1. A method for video matching, the method comprising:

comparing the characteristic information of the target key frame with the characteristic information of a pre-generated source video key frame to obtain the matching degree of the target video and the source video;

acquiring the feature information of the key frame comprises the following steps:

acquiring characteristic information of each contour line, and taking the characteristic information of each contour line as the characteristic information of the key frame;

or,

generating 5 skeleton central lines according to the 5 characteristic points;

2. The method of claim 1, wherein said extracting all key frames of the target video specifically comprises:

acquiring feature information of the first key frame;

reading a next frame of video frame;

acquiring the characteristic information of the next frame of video frame;

and if the matching degree is lower than a preset matching threshold, taking the read next frame of video frame as a second key frame, otherwise, continuously reading the next frame of video frame until all video frames in the target video are completely read.

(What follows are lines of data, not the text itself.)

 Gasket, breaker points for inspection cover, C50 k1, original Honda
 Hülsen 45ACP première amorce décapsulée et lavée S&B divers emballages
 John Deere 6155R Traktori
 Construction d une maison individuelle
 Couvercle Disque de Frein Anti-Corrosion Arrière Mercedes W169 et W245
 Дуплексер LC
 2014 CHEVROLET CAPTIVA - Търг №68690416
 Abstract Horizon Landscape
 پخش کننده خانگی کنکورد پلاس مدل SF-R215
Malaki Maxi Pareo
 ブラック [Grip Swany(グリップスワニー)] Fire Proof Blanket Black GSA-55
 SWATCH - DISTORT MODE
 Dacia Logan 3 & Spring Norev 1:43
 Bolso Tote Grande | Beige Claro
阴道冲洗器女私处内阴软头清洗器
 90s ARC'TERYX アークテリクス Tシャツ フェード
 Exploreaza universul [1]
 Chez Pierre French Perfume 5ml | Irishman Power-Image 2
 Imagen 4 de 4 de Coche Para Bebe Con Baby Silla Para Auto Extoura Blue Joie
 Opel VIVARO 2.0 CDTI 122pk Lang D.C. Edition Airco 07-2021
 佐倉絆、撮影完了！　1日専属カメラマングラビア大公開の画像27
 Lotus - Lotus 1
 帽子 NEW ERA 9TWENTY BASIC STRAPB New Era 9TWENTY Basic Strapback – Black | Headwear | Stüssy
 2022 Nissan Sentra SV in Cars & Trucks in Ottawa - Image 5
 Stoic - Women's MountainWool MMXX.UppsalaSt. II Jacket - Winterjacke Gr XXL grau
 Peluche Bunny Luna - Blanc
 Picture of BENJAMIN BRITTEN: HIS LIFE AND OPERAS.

3. A video matching apparatus, characterized in that the apparatus comprises:

the matching degree obtaining unit is used for comparing the characteristic information of the target key frame with the characteristic information of a pre-generated source video key frame to obtain the matching degree of the target video and the source video;

the characteristic information acquisition module includes:

the contour line information acquisition submodule is used for acquiring the characteristic information of each contour line and taking the characteristic information of each contour line as the characteristic information of the key frame;

or,

the characteristic information acquisition module includes:

4. The apparatus of claim 3, wherein the feature information acquiring unit comprises:

and the matching degree acquisition module is used for comparing the characteristic information in the two frames of video frames to obtain the matching degree, if the matching degree is lower than a preset matching threshold value, the read next frame of video frame is used as a second key frame, otherwise, the next frame of video frame is continuously read until all video frames in the target video are completely read.